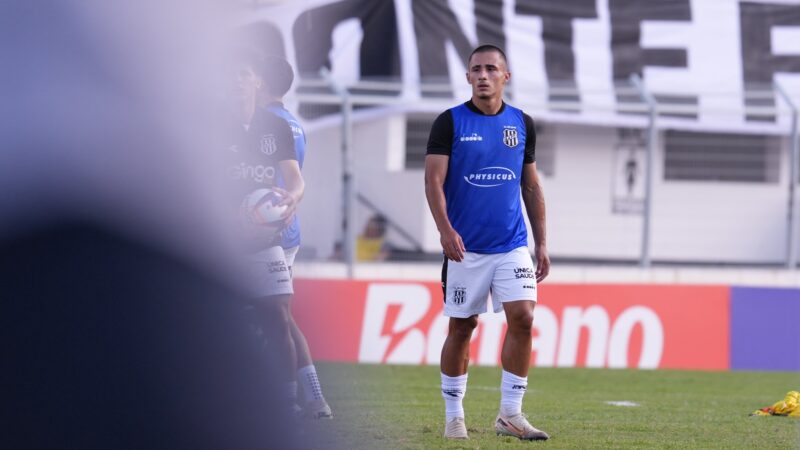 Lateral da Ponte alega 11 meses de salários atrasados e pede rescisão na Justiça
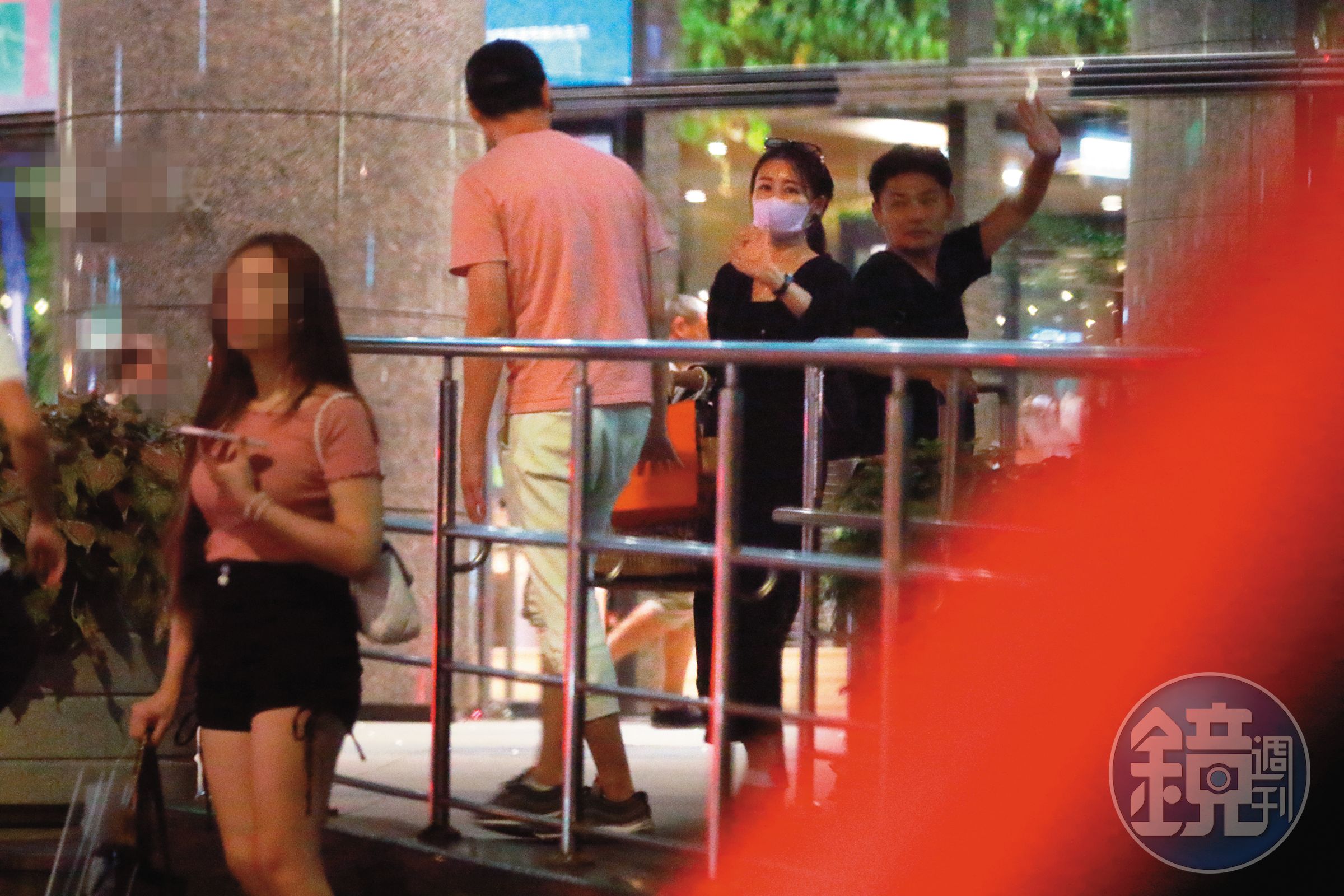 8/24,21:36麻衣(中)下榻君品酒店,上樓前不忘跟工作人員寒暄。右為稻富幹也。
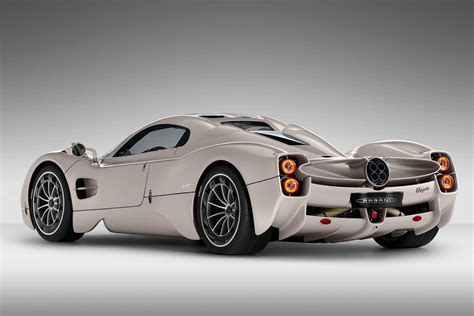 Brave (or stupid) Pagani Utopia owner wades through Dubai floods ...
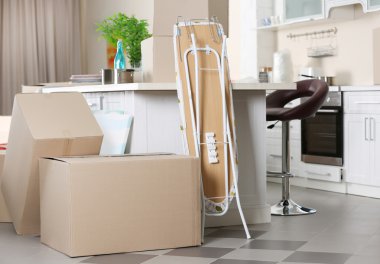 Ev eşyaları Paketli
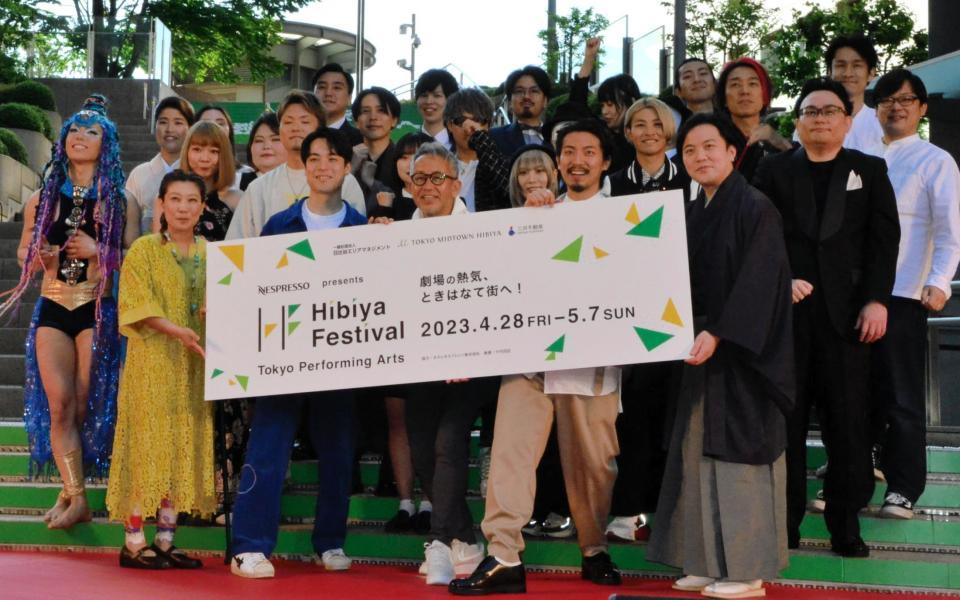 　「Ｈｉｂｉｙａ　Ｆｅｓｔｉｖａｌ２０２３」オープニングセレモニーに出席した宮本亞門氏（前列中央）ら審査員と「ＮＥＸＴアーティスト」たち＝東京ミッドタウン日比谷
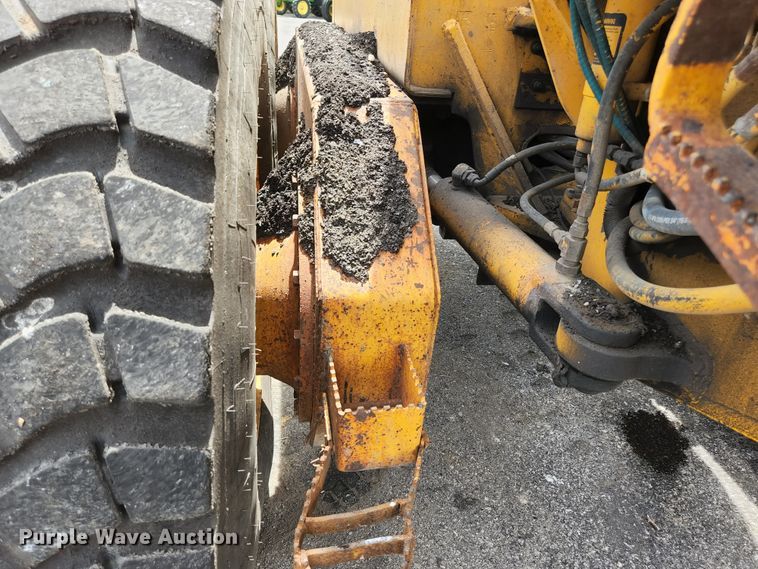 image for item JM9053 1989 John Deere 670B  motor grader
═══
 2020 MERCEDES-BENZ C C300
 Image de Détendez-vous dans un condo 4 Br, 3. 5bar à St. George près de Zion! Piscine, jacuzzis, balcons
═══
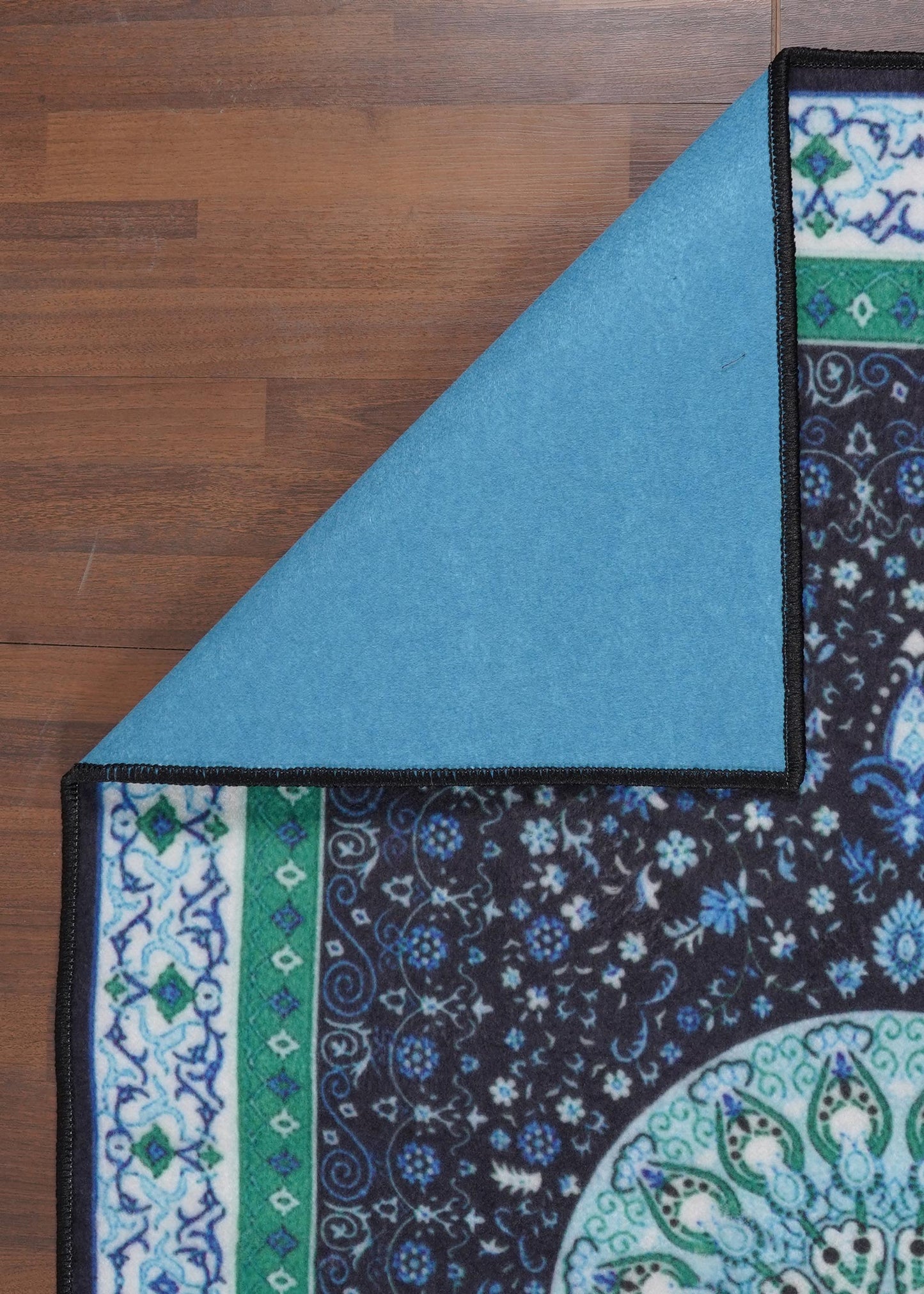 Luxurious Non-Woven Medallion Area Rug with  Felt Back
═══
> What the task requires
Beginning at the line above that contains "Ev eşyaları Paketli", repeat each line exactly through the one that contains "image for item", and leave out the pictures.

> Exercise response
 Ev eşyaları Paketli
 　「Ｈｉｂｉｙａ　Ｆｅｓｔｉｖａｌ２０２３」オープニングセレモニーに出席した宮本亞門氏（前列中央）ら審査員と「ＮＥＸＴアーティスト」たち＝東京ミッドタウン日比谷
 image for item JM9053 1989 John Deere 670B  motor grader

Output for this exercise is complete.